En France, les protestataires ne défendent pas des revendications catégorielles mais la nécessité de repenser un système.
La révolte des classes moyennes et des catégories défavorisées n'est pas propre à la France. Elle traverse tout l'Occident. Elle s'exprime à l'égard de dirigeants qui ont laissé se développer depuis vingt ans au moins de graves dérives du capitalisme, ce que l'on a appelé le capitalisme financier. En France, les protestataires ne défendent pas des revendications catégorielles mais la nécessité de repenser un système. Ces oubliés de la République dénoncent la baisse du pouvoir d'achat, les inégalités sociales, les excès de la finance, la précarité comme solution au chômage, la toute-puissance des métropoles, la désertification des territoires, l'abandon des banlieues, la montée de la misère.
Les dirigeants occidentaux, qui avaient dans l'ensemble plutôt bien conduit les affaires du monde au lendemain de la guerre, ont commis des erreurs qui rendent la situation explosive. Les Anglo-Saxons ont cru qu'en faisant tomber les règles, notamment dans la finance, en libéralisant à tout-va, ils allaient doper la croissance. Ce fut vrai un temps, au début des années Reagan-Thatcher. Puis, très vite, les crises à répétition éclatèrent.
Les Européens ont eu le tort de suivre le mouvement. Pire, ils ont imaginé que l'adoption d'une monnaie commune, en gommant les frontières, allait elle aussi doper la croissance et faciliter la marche vers le fédéralisme. Or, cette monnaie attise les divisions au lieu de les réduire.
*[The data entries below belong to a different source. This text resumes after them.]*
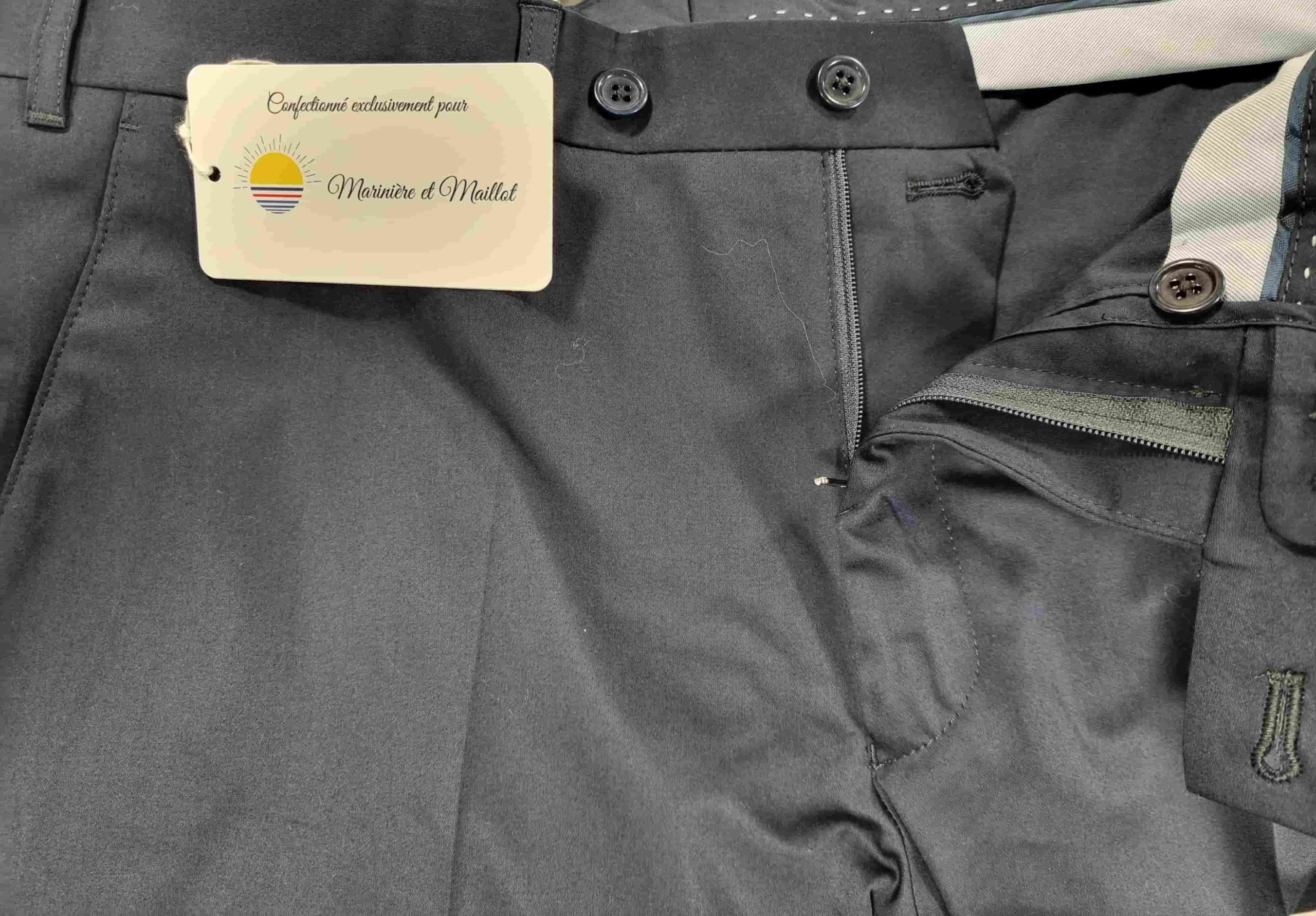 Chino Habillé Marinière et Maillot – Image 5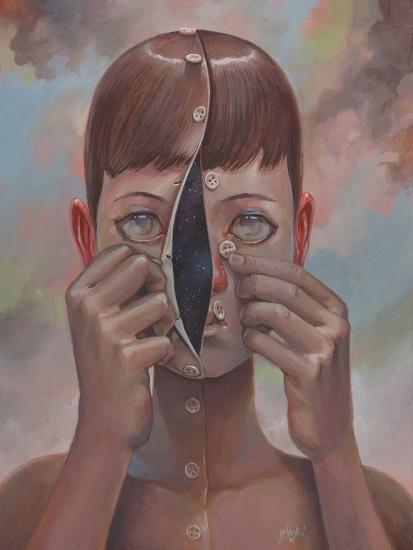 Premium Giclee Print, , large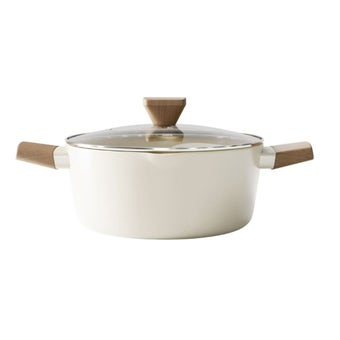Naturit Casserole with Handle - 20cm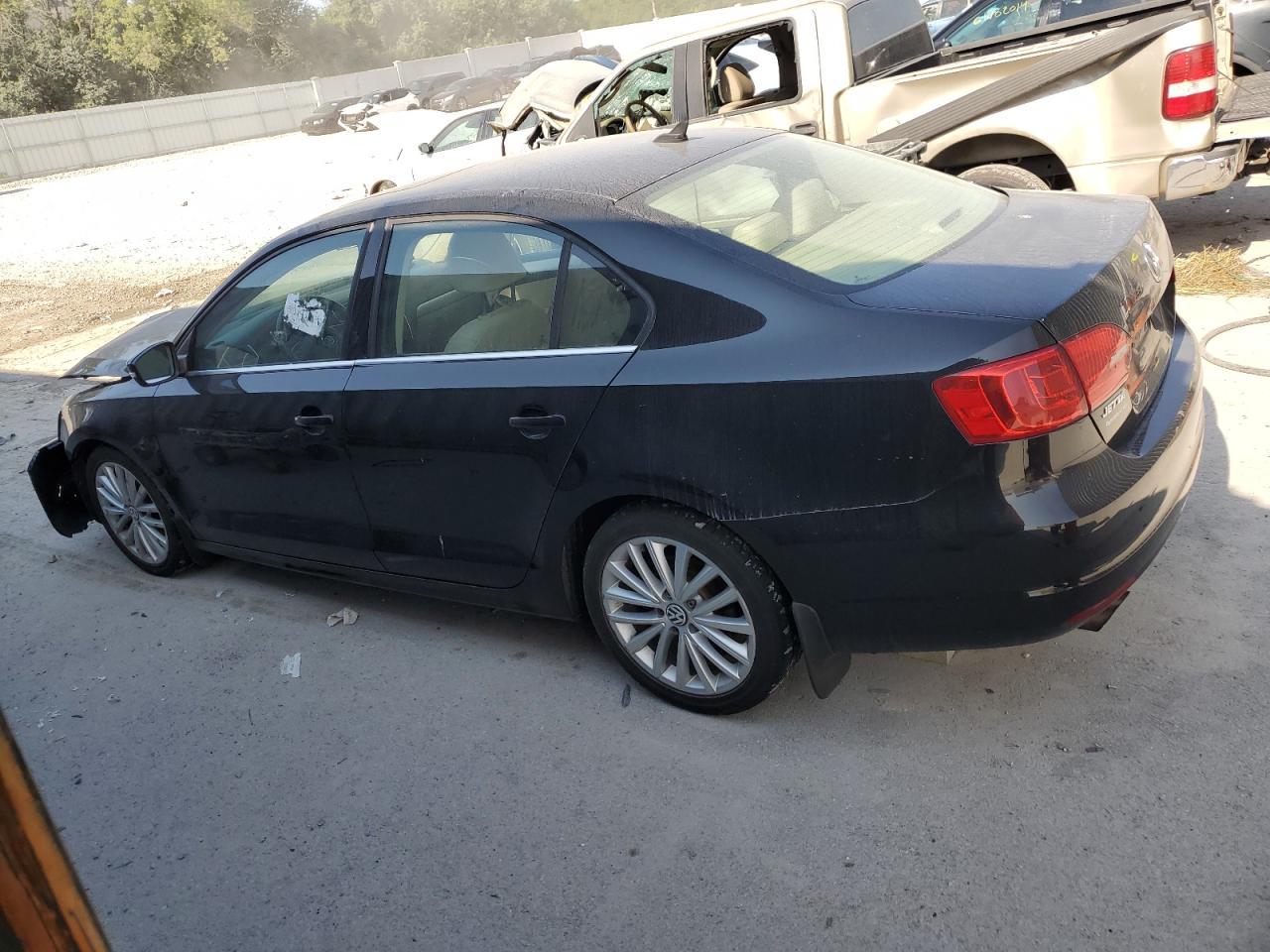 2011 Volkswagen Jetta Sel - Фото 2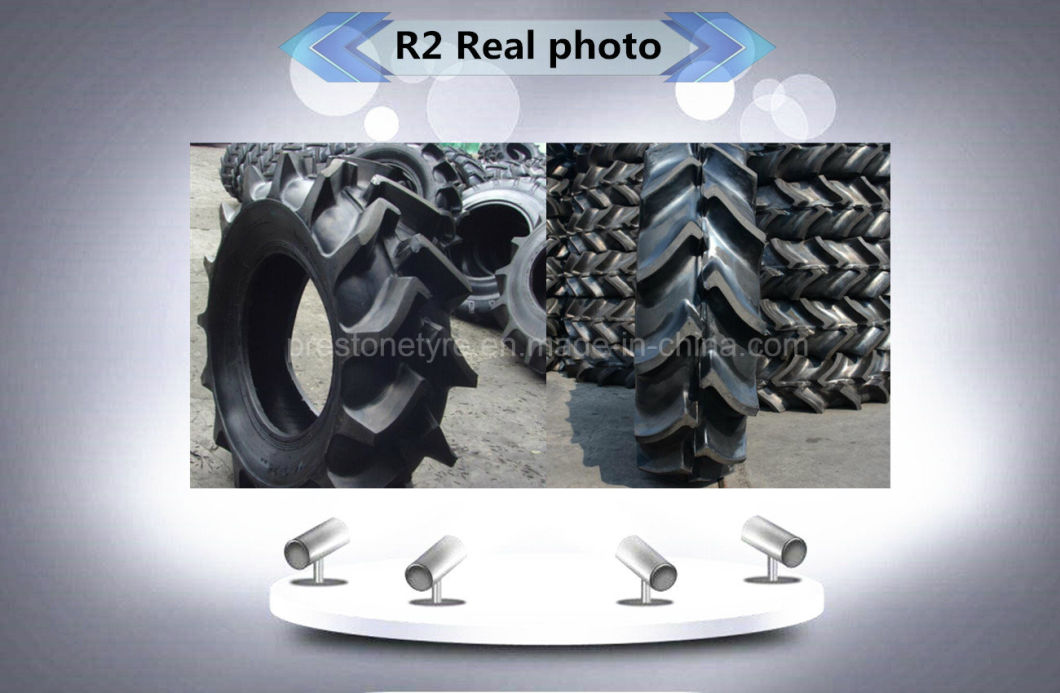 R2 Agricultural Tire Tractor Tire Bias Tire Agriculture Tire High Quanlity Agricultural Tire 23.1-26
Aux Etats-Unis, le pouvoir d'achat des classes moyennes n'a pas augmenté depuis la fin du siècle dernier.
Joseph Stiglitz, prix Nobel d'économie, affirme qu'aux Etats-Unis le pouvoir d'achat des classes moyennes n'a pas augmenté depuis la fin du siècle dernier. Quinze pour cent des Américains se nourrissent avec des bons alimentaires. Deux millions et demi d'enfants dorment dans la rue.
En zone euro, la monnaie "renforce les forts et affaiblit les faibles", comme le soulignait Louis Gallois en 2012. Depuis la création de l'euro, la production industrielle allemande a progressé de 36 %, celles de la France, de l'Italie et de l'Espagne ont diminué respectivement de 3 %, 15 % et 16 %. Aucun transfert financier n'a été mis en place pour corriger les inégalités creusées par la monnaie commune.
Il est temps de redessiner notre modèle économique et social en prenant appui sur nos racines humanistes au lieu de poursuivre dans la voie du tout-libéral.
Il est temps de définir un nouvel horizon si l'on veut éviter que notre beau pays ne finisse par se morceler et sombrer. Il est temps que les technocrates, à Paris et à Bruxelles, prennent un peu de recul après avoir pris tant de décisions "hors-sol".
Il est temps de redessiner notre modèle économique et social en prenant appui sur nos racines humanistes au lieu de poursuivre dans la voie du tout-libéral. Il est temps de refonder l'Union européenne en respectant nos vieilles nations au lieu de s'attacher à une vision fédéraliste qui conduit à la confrontation."